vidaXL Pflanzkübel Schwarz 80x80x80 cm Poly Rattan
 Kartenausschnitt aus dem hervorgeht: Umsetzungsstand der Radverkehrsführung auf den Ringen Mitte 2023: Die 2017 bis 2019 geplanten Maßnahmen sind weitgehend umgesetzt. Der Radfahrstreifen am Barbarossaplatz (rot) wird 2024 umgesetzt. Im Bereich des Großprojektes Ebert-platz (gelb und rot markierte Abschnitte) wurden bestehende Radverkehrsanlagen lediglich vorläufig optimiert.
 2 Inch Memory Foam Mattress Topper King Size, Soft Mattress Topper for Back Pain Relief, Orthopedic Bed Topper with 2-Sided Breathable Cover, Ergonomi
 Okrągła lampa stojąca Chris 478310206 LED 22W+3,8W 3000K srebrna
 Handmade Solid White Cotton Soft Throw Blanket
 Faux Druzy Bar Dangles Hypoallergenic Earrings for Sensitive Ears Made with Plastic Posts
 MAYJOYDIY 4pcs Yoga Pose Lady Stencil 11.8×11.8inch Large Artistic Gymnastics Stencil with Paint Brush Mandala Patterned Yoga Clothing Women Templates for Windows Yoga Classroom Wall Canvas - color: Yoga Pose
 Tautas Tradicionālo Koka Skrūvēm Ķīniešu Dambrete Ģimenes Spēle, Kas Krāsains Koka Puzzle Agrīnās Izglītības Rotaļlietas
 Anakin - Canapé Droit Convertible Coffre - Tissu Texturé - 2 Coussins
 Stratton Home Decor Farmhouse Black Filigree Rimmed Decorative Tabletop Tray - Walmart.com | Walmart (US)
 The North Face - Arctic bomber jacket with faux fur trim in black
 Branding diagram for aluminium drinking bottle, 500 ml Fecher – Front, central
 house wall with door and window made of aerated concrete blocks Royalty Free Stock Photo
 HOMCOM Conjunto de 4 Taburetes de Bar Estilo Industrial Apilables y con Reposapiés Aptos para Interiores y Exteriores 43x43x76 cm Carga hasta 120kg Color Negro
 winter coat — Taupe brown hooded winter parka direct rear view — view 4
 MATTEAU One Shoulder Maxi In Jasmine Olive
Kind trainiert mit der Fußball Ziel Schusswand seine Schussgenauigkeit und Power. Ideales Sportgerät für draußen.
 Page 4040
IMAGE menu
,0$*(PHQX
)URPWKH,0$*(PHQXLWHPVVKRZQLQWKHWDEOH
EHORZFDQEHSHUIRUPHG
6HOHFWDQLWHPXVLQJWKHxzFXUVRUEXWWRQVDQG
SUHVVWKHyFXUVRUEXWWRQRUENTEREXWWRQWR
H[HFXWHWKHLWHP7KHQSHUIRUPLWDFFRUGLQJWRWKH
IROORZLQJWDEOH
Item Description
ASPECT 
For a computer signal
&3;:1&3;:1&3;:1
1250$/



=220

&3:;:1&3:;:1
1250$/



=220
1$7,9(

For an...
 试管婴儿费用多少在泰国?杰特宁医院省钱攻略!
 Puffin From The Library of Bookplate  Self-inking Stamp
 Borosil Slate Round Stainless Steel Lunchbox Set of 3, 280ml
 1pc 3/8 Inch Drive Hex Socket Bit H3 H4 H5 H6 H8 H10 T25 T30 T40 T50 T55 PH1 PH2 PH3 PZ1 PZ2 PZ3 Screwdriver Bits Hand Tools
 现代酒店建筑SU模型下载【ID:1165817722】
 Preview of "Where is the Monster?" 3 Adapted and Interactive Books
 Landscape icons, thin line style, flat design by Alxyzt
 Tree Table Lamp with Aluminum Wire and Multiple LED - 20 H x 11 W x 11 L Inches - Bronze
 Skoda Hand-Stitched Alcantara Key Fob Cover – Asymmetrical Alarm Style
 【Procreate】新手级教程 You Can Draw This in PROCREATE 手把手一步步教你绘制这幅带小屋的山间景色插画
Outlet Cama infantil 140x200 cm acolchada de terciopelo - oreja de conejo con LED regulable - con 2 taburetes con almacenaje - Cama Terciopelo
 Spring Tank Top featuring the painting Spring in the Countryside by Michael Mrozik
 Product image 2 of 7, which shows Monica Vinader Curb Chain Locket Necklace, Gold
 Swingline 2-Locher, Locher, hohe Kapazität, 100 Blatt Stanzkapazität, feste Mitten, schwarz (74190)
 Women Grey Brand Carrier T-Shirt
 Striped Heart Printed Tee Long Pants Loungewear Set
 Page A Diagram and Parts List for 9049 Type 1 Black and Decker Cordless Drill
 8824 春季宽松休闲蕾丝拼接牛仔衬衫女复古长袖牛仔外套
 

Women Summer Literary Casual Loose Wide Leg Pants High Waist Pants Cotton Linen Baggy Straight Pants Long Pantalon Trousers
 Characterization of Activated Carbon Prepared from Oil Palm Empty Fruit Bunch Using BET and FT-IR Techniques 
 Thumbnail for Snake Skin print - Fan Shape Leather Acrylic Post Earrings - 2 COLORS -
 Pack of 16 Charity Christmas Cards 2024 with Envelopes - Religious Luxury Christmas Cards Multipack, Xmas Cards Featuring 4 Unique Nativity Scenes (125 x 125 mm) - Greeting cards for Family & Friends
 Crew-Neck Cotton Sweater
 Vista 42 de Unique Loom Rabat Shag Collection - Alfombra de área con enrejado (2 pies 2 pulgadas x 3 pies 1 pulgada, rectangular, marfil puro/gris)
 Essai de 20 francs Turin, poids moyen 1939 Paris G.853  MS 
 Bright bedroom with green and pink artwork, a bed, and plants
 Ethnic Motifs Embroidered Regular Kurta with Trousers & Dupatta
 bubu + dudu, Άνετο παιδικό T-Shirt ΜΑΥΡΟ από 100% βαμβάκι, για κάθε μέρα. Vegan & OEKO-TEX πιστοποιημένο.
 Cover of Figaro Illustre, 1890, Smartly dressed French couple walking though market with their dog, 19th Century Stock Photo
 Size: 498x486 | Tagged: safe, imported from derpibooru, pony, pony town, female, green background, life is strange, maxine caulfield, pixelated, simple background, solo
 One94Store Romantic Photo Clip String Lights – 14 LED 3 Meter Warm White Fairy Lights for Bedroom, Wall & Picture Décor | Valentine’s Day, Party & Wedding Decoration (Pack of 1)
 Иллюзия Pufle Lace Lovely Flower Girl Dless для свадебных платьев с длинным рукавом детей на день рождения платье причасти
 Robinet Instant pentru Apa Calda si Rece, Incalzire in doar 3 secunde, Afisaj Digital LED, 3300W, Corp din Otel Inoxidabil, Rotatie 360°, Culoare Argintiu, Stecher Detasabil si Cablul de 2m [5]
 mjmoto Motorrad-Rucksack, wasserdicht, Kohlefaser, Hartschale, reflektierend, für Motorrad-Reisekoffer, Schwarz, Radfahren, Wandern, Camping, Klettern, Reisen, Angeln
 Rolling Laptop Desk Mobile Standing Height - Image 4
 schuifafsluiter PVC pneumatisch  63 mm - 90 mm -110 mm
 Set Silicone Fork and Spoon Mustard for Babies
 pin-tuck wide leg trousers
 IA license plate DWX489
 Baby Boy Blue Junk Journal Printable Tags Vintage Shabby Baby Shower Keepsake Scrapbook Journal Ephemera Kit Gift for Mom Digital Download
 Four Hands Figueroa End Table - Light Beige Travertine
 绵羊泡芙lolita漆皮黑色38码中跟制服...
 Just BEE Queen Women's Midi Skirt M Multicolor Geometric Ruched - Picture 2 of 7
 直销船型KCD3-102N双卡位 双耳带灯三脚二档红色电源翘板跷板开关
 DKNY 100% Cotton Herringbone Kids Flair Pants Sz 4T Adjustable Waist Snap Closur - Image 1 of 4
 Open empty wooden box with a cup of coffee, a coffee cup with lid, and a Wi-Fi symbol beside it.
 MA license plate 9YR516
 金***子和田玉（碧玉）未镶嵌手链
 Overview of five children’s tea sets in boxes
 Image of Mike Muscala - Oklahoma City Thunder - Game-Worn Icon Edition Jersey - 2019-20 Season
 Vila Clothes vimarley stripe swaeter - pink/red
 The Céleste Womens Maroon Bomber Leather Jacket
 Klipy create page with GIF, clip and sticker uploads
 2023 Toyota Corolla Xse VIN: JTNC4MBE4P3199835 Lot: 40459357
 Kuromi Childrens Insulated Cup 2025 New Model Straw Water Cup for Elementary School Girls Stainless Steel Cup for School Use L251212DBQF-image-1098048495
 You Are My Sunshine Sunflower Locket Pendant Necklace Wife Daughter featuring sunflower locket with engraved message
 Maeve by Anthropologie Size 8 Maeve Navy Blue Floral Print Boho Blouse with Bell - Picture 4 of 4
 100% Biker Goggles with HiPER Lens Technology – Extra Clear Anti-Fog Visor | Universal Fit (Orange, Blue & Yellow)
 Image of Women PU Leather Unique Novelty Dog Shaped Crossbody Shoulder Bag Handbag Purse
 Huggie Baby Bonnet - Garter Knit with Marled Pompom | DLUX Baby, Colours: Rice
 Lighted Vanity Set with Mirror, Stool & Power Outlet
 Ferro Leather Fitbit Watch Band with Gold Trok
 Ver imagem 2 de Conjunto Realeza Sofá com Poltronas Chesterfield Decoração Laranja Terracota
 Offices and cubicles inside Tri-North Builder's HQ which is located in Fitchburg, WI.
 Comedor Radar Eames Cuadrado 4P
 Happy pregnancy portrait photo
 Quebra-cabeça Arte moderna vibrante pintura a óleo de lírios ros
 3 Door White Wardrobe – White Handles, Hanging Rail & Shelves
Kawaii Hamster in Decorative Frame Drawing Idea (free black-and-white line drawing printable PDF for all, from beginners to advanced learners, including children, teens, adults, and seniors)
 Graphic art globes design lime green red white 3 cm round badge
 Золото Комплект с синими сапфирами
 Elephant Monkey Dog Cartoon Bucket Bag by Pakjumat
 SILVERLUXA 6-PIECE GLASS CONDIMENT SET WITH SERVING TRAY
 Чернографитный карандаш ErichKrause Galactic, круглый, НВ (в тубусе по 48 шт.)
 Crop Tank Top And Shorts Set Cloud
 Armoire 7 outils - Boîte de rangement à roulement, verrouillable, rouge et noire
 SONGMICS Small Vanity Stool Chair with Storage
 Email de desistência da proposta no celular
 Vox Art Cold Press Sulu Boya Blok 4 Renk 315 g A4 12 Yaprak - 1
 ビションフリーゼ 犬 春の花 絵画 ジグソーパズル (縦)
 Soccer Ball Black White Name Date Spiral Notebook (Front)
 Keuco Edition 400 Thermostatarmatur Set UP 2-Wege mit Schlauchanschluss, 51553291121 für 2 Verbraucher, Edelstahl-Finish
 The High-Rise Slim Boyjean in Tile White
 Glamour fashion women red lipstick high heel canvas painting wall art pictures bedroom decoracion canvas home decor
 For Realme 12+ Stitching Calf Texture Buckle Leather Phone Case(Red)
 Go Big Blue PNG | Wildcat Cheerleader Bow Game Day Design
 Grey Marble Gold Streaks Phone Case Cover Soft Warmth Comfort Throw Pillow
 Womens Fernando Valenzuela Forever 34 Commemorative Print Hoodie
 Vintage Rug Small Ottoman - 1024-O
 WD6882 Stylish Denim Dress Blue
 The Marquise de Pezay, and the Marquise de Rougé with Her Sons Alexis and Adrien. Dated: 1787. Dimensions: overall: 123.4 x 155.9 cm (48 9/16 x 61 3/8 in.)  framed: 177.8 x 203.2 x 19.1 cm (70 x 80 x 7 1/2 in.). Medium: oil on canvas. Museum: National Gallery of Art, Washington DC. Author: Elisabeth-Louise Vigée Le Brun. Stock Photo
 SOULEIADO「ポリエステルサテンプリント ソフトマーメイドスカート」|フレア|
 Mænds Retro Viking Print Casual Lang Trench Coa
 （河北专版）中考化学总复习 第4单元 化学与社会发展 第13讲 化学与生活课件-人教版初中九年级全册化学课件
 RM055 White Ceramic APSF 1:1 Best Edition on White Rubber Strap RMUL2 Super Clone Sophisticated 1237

================

→ EXERCISE AIM:
Output should match, line for line, the stretch of the material above from the line holding "Women Summer Literary" through the line holding "Set Silicone Fork".

→ RESULT OF THIS TASK:
Women Summer Literary Casual Loose Wide Leg Pants High Waist Pants Cotton Linen Baggy Straight Pants Long Pantalon Trousers
 Characterization of Activated Carbon Prepared from Oil Palm Empty Fruit Bunch Using BET and FT-IR Techniques 
 Thumbnail for Snake Skin print - Fan Shape Leather Acrylic Post Earrings - 2 COLORS -
 Pack of 16 Charity Christmas Cards 2024 with Envelopes - Religious Luxury Christmas Cards Multipack, Xmas Cards Featuring 4 Unique Nativity Scenes (125 x 125 mm) - Greeting cards for Family & Friends
 Crew-Neck Cotton Sweater
 Vista 42 de Unique Loom Rabat Shag Collection - Alfombra de área con enrejado (2 pies 2 pulgadas x 3 pies 1 pulgada, rectangular, marfil puro/gris)
 Essai de 20 francs Turin, poids moyen 1939 Paris G.853  MS 
 Bright bedroom with green and pink artwork, a bed, and plants
 Ethnic Motifs Embroidered Regular Kurta with Trousers & Dupatta
 bubu + dudu, Άνετο παιδικό T-Shirt ΜΑΥΡΟ από 100% βαμβάκι, για κάθε μέρα. Vegan & OEKO-TEX πιστοποιημένο.
 Cover of Figaro Illustre, 1890, Smartly dressed French couple walking though market with their dog, 19th Century Stock Photo
 Size: 498x486 | Tagged: safe, imported from derpibooru, pony, pony town, female, green background, life is strange, maxine caulfield, pixelated, simple background, solo
 One94Store Romantic Photo Clip String Lights – 14 LED 3 Meter Warm White Fairy Lights for Bedroom, Wall & Picture Décor | Valentine’s Day, Party & Wedding Decoration (Pack of 1)
 Иллюзия Pufle Lace Lovely Flower Girl Dless для свадебных платьев с длинным рукавом детей на день рождения платье причасти
 Robinet Instant pentru Apa Calda si Rece, Incalzire in doar 3 secunde, Afisaj Digital LED, 3300W, Corp din Otel Inoxidabil, Rotatie 360°, Culoare Argintiu, Stecher Detasabil si Cablul de 2m [5]
 mjmoto Motorrad-Rucksack, wasserdicht, Kohlefaser, Hartschale, reflektierend, für Motorrad-Reisekoffer, Schwarz, Radfahren, Wandern, Camping, Klettern, Reisen, Angeln
 Rolling Laptop Desk Mobile Standing Height - Image 4
 schuifafsluiter PVC pneumatisch  63 mm - 90 mm -110 mm
 Set Silicone Fork and Spoon Mustard for Babies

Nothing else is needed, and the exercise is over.